● What to work on:
Give again the lines of the data from its first line through the line with "Yahweh's Apothecary Arise". Change nothing.
*** Data to use
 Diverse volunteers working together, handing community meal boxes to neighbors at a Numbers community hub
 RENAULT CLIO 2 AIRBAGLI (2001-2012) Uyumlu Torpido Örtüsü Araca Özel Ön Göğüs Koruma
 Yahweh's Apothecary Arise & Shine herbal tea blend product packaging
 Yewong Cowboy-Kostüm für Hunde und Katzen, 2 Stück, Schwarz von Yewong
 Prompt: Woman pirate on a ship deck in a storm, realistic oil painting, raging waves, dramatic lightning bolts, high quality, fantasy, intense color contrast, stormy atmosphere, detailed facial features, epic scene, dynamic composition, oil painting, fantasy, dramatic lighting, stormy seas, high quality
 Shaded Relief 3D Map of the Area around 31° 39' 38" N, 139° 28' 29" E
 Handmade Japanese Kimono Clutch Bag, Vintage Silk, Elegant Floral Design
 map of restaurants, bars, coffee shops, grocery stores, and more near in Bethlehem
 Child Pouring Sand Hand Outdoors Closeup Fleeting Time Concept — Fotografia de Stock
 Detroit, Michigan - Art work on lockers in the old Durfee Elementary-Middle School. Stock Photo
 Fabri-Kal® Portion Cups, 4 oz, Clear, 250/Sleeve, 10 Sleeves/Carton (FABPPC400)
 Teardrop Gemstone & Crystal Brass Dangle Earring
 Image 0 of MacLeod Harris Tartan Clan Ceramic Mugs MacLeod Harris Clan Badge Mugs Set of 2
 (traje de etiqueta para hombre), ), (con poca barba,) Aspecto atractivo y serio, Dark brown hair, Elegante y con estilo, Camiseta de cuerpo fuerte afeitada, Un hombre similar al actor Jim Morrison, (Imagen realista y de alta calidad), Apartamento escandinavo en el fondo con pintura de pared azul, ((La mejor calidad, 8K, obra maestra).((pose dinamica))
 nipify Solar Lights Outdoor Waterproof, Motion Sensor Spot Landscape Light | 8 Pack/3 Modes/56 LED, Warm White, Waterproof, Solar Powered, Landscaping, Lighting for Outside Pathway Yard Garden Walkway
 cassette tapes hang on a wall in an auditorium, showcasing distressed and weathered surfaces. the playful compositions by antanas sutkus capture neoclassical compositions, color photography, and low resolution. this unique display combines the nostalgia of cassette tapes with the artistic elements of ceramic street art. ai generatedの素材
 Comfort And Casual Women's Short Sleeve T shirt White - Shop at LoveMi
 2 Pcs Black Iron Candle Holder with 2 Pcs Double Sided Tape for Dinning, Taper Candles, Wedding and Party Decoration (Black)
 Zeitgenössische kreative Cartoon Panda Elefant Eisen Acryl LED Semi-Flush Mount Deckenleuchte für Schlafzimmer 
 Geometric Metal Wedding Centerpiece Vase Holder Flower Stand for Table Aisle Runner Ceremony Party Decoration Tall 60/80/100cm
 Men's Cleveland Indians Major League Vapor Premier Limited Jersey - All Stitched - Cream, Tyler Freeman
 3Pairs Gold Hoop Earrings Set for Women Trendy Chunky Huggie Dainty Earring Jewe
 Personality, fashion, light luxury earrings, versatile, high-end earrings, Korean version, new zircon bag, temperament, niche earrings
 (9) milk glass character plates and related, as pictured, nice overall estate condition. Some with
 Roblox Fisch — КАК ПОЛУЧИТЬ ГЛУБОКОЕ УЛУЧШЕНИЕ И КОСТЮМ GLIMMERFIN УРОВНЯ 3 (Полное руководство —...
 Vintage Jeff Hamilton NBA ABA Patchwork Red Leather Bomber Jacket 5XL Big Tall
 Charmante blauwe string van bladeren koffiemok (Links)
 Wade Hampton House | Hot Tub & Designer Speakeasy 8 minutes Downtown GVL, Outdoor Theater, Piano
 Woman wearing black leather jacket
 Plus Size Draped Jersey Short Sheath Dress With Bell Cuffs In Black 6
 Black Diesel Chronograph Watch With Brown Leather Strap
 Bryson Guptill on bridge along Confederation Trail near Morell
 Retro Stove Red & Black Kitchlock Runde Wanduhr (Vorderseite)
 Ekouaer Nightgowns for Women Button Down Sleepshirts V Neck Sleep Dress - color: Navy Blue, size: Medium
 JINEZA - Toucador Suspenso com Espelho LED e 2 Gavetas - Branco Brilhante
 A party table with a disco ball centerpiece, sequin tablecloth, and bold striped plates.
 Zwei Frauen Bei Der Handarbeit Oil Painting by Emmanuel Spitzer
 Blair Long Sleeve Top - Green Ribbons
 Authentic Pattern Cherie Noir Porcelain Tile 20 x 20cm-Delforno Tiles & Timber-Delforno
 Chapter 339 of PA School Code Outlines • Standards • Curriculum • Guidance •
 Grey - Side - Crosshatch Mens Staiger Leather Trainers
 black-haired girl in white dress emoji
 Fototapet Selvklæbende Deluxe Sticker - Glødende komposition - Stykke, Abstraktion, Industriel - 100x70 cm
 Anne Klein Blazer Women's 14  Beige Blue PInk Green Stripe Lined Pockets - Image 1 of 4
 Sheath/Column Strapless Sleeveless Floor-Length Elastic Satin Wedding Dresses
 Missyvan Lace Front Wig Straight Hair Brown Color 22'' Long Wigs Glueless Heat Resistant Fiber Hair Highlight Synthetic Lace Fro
******
● Result for this task:
 Diverse volunteers working together, handing community meal boxes to neighbors at a Numbers community hub
 RENAULT CLIO 2 AIRBAGLI (2001-2012) Uyumlu Torpido Örtüsü Araca Özel Ön Göğüs Koruma
 Yahweh's Apothecary Arise & Shine herbal tea blend product packaging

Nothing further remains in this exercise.